Pick the method based on the specific type of chemical or component being measured, the expected concentration, how specific the results must be and what equipment is available. For clinical screening of peripheral serotonin excess (for example in testing for carcinoid tumors), 24‑hour urinary 5‑HIAA by LC‑MS or HPLC—or plasma serotonin with strict preanalytic control—is preferred. Central serotonin research typically uses CSF 5‑HIAA, PET imaging or invasive microdialysis in animals. Studies of peripheral serotonin use platelet content and plasma/serum assays.
Key Interpretive Cautions and Practical Recommendations
Peripheral tests don’t reliably show brain serotonin because the blood–brain barrier keeps central and peripheral serotonin pools separate and different enzymes (TPH1 vs TPH2) control the synthesis of serotonin in each pool. Levels of serotonin metabolites reflect overall turnover and clearance, not moment‑to‑moment synaptic signaling. Blood results are very sensitive to handling (for example delays, temperature and platelet activation) and can be altered differently than brain measures by drugs, such as SSRIs and MAO inhibitors, or diet.

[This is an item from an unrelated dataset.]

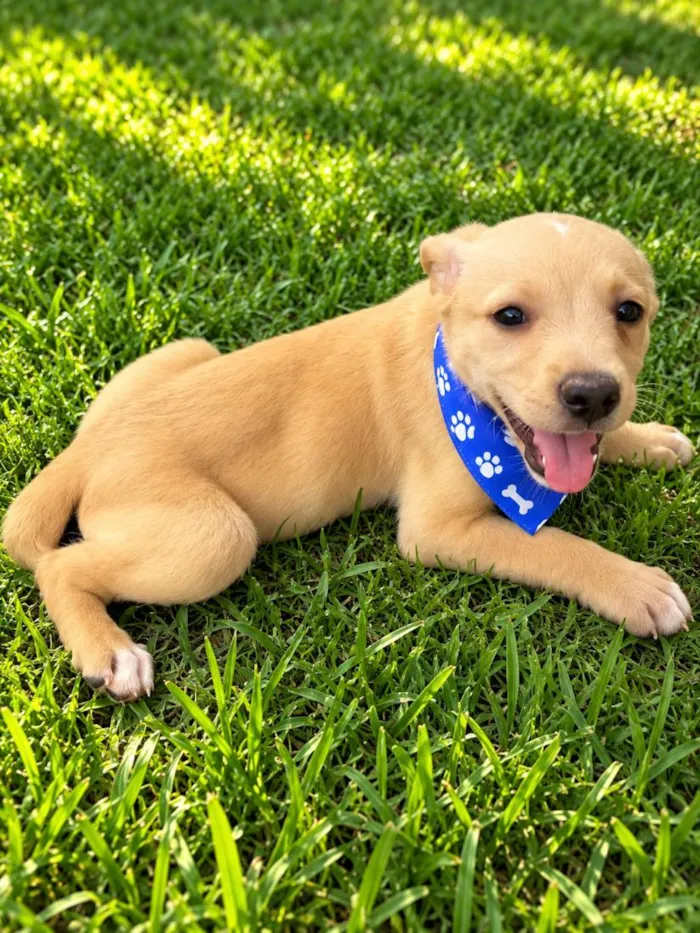 Cachorro raça SRD-ViraLata idade 2 a 6 meses nome Dengoso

Choose the test to match the question. Use CSF metabolites or brain imaging for central processes and plasma/platelet/urine tests for peripheral issues. Prefer HPLC or LC‑MS/MS for accuracy when possible and standardize collection and processing — for example fasting, timing, anticoagulant and centrifugation speed/temperature — to reduce variability.
Choosing and Interpreting Methods That Test Serotonin Levels
There isn’t one universal serotonin level within the body — values differ by tissue. Pick a testing method based on whether peripheral or brain serotonin information is needed and by what matters most: accuracy, invasiveness, time resolution or clinical practicality. Know each method’s strengths and limits—blood, urine, CSF, imaging and direct brain techniques—to interpret results correctly and choose the right test for clinical or research needs.